_WHAT IS BEING ASKED_
Print each line exactly, from the one with "UNIDENTIFIED SIGNATURE, Street" to the very last line of the listing, and keep the pictures out.

_DATASET EXCERPT_
===============

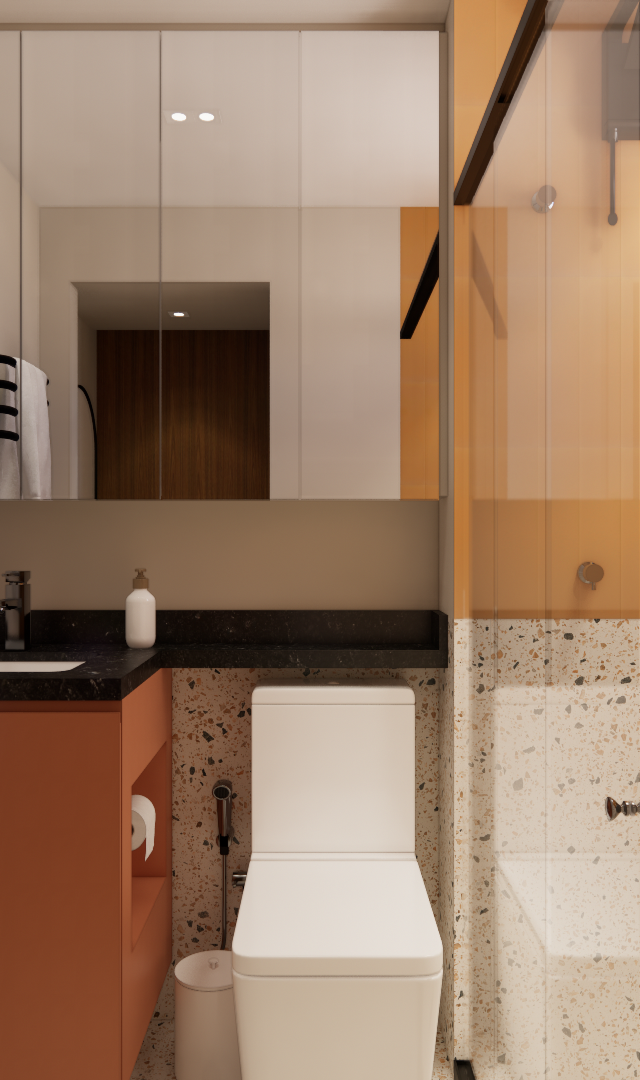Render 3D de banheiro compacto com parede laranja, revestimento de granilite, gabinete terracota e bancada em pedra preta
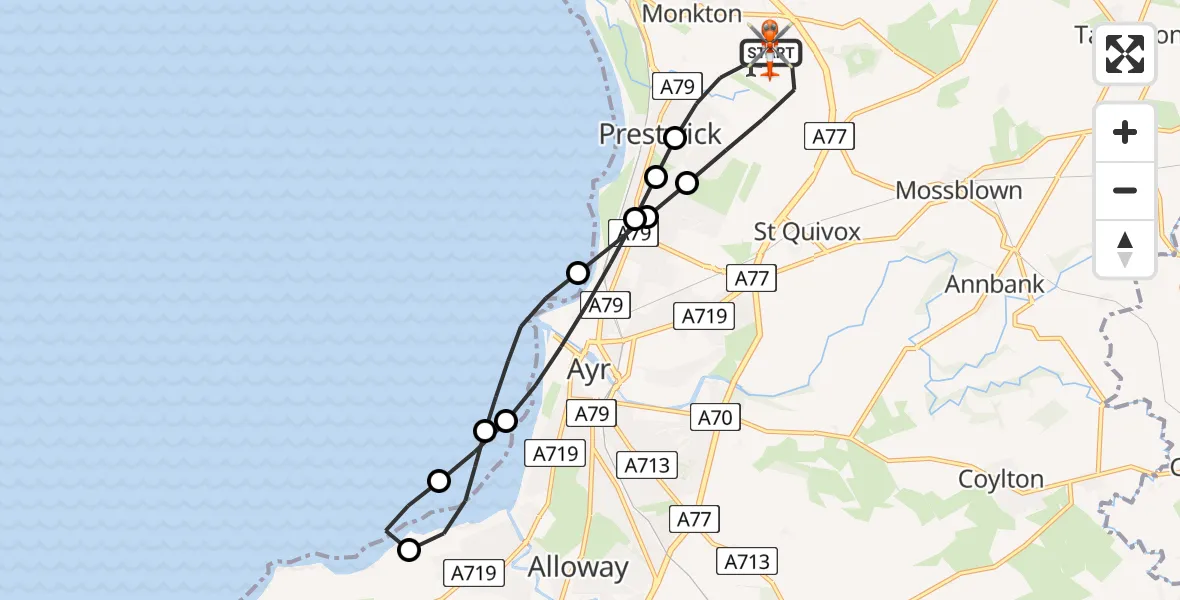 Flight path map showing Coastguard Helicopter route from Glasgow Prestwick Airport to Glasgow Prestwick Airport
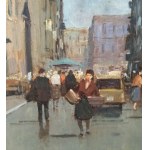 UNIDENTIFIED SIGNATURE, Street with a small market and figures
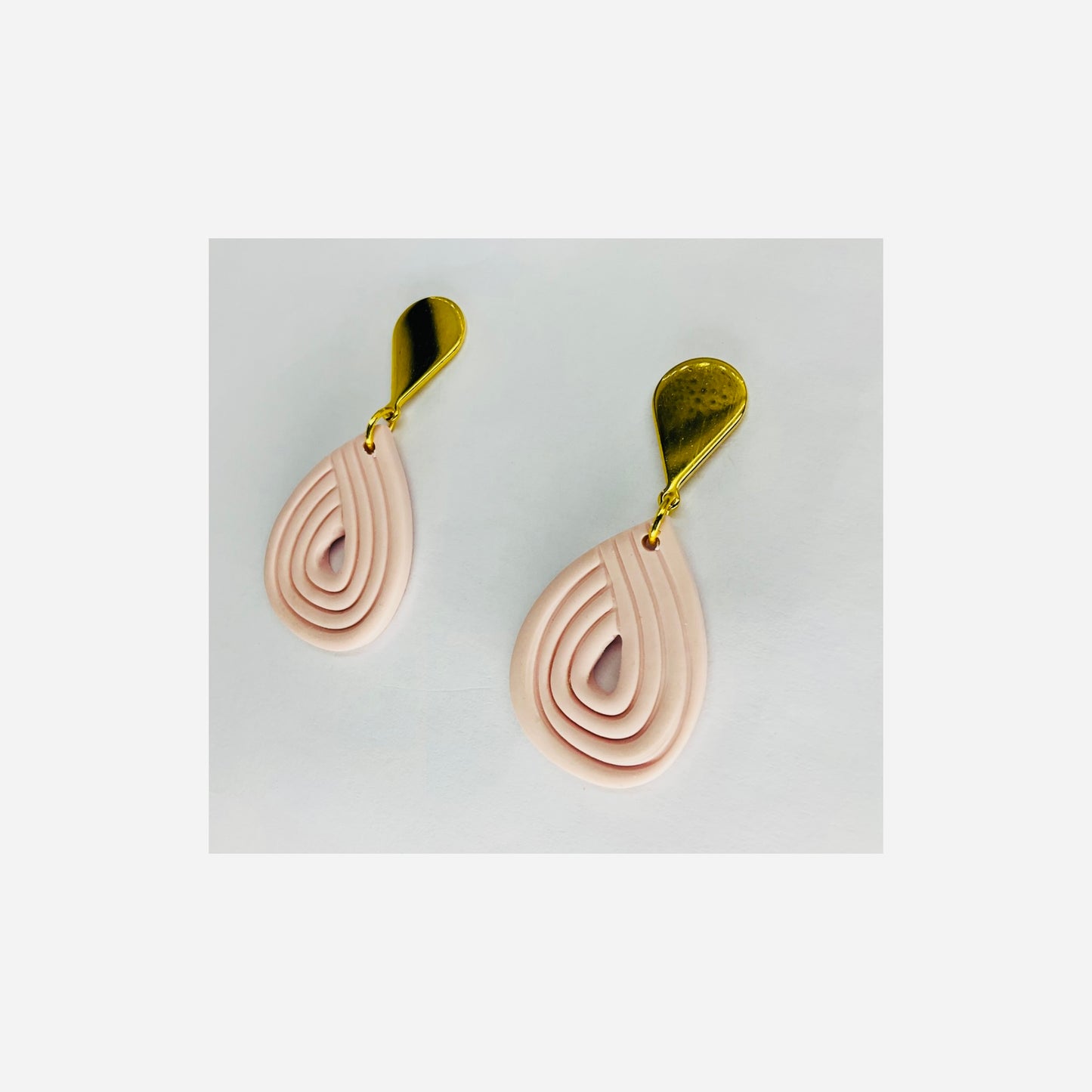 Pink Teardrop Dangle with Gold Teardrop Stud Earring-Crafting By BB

===============

_OUTPUT OF THE TASK_
 UNIDENTIFIED SIGNATURE, Street with a small market and figures
 Pink Teardrop Dangle with Gold Teardrop Stud Earring-Crafting By BB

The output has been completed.